Your 529-Plan Questions Answered
You say that having a 529 college-savings account won't hurt your chances for financial aid because it's considered a parent-owned asset and is assessed less heavily in the federal financial-aid formula than student-owned assets. But what about private sources of financial aid from the college itself? Can the school hold a 529 plan against you?
It's possible a school might adjust its financial-aid award if you have a 529 plan. But 529s are always considered parental assets, so they get more favorable treatment than student-owned assets. And a big portion of financial aid comes in the form of loans, so you're better off saving rather than borrowing.
Would you consider a Roth IRA a good investment vehicle as an alternative to a 529 program? We will qualify for tax-free withdrawals from our Roth by the time our child starts college.
In your case, a Roth IRA could be a good alternative to a 529 plan. It offers the same tax-free benefits you'd get with a 529, plus more flexibility. Just make sure you won't need the money for your own retirement income.
Roth IRAs are also an option for younger parents, but not quite so attractive. You can withdraw your Roth contributions at any time without paying tax or a penalty. You can also withdraw earnings for college expenses without paying a penalty, but you will owe income tax.
And, of course, money you withdraw won't be available to grow for retirement -- which is, after all, the primary purpose of a Roth IRA.
I would like to open a 529 plan for my 13-year-old grandson. Whose name should the account be in-mine or my son's? I live in New York and my son lives in Pennsylvania.
Both states offer residents an income-tax break on 529 contributions, so it depends on your situation.
State residents like yourself who contribute to New York's 529 plan can deduct up to $5,000 (up to $10,000 for joint filers) from their state income tax each year.
Opening the account in your name also offers benefits if you'd like to make a gift to your grandson and move money out of your estate. Plus, the federal financial-aid application doesn't inquire about grandparent-owned accounts.

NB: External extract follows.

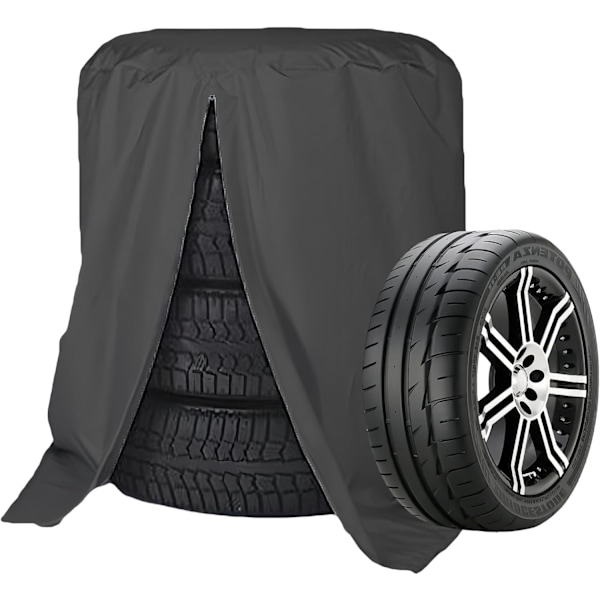 Dækpose Universal Dæk Opbevaringspose Vandtæt Sæsonbestemt Dækovertræk Holder 4 Dæk Støvtæt Dækpose, Ø72cm x H112cm (Sort)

In Pennsylvania, on the other hand, residents who contribute to a 529 plan in any state can deduct up to $12,000 per beneficiary (up to $24,000 for joint filers) from their Pennsylvania income tax. So your son could pick any plan regardless of which state sponsors it. (Find the best state 529 plan for you.)
What happens to money in a 529 plan if a child does not go to college?
You can transfer the funds to another family member and preserve the tax benefits, or you can withdraw the money yourself and pay income tax and a 10% penalty on the earnings.